Intel fires 1,000 executives
13 July, 2006
By Steve Wexler
Less than three months ago Intel CEO Paul Otellini told analysts
the company was undergoing a 90-day review intended to identify
how the chip giant could slash $1 billion from its annual
expenses and turn around its recent lackluster financial performance.
The review, the most extensive examination of all aspects
of the company in the last 20 years, is ongoing and could
even be extended.
However the company said it wouldn't wait for the review to
be completed if changes were needed, and the first major announcement
was at the end of June, when Marvell Technology Group Ltd.
bought Intel's communications and application processor business
for $600 million (U.S.) plus the assumption by Marvell of
certain liabilities. The second major change surfaced Thursday
morning with the announcement of the elimination of 1,000
management positions.
"This morning we informed employees that we are reducing
the number of managers in the company worldwide by 1,000,"
said Intel spokesman Chuck Mulloy. "It's one of the first
actions we're taking in the structural efficiency project,
to both reduce costs and improve decision making and decisions
within the company."
Only managers are affected by today's action, with the cuts
coming from all geographic regions and all business units,
and ranging from first-line managers to senior managers.
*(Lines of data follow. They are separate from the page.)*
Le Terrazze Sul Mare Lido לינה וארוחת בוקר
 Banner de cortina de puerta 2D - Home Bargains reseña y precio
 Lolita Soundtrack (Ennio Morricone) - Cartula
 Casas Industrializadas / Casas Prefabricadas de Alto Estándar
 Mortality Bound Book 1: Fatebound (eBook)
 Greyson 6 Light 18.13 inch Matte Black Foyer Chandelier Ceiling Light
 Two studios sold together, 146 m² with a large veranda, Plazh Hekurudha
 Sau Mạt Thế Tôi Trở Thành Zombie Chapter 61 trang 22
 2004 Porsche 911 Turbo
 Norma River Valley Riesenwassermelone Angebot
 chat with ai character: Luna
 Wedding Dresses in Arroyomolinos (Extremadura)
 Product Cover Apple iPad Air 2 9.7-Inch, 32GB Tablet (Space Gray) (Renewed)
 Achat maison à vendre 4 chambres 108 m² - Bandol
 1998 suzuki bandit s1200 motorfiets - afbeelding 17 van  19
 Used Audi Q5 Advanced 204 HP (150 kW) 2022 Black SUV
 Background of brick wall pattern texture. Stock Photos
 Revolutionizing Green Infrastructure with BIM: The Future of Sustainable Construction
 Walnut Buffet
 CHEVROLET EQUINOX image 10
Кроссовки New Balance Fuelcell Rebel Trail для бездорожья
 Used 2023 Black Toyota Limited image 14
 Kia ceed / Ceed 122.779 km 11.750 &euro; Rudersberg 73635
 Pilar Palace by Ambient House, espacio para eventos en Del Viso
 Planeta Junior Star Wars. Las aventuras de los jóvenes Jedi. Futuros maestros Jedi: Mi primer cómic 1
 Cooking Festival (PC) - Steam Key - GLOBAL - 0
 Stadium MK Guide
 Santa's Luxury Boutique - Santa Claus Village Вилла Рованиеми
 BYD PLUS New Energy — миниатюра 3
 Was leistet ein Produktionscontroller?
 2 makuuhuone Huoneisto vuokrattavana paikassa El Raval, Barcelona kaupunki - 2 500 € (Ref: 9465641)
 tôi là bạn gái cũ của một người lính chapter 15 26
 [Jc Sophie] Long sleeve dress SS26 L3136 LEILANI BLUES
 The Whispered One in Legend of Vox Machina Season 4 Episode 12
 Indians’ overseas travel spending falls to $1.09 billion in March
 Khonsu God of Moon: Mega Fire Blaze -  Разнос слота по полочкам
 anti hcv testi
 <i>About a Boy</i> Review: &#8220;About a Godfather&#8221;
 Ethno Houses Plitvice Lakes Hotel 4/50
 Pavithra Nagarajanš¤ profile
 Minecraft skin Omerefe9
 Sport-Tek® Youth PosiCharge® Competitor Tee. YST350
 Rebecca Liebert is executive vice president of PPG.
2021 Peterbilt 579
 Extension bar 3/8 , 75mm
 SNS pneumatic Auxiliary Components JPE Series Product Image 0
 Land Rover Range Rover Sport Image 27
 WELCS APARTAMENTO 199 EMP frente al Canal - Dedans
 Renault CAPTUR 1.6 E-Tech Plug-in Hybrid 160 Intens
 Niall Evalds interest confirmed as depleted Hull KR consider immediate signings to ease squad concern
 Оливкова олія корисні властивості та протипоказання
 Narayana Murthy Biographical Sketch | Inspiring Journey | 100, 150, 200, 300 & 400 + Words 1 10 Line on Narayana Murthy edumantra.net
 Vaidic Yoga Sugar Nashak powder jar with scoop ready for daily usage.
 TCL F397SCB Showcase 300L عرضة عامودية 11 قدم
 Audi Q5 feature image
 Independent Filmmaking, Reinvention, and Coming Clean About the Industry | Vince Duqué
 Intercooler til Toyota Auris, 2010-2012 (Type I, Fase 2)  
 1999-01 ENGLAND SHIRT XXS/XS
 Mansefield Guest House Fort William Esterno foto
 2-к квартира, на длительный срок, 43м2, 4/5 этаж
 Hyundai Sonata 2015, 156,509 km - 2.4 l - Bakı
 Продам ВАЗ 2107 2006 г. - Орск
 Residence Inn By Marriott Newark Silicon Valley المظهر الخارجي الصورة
Mulloy
said the review, which included benchmarking from within and
without the industry, indicated that Intel had too many management
levels to be effective. Over recent years the growth in the
number of managers had exceeded the overall growth of the
company. "We determined decision making wasn't as crisp
as it needed to be."
Another report which was looking for Intel to cut between
10,000 to 15,000 of its current 100,000 staff was dismissed
as speculation by Mulloy. He said the efficiency analysis
process started in late April is ongoing and may even be extended
if warranted. The company will provide a brief update at next
week's conference call on third-quarter results, but that
nothing substantive will be announced at that time.
Intel has been struggling for some time, failing to meet
its financial targets recently. According to Technology Business
Research, Intel is too dependent on a PC market that is experiencing
rapidly declining ASPs and slowing growth. TBR recommended
that the company focus on operating efficiency to reduce costs
at the same rate that ASPs decline. In addition, it needs
to establish a strong presence in emerging markets, where
most of the PC growth will occur in the next decade.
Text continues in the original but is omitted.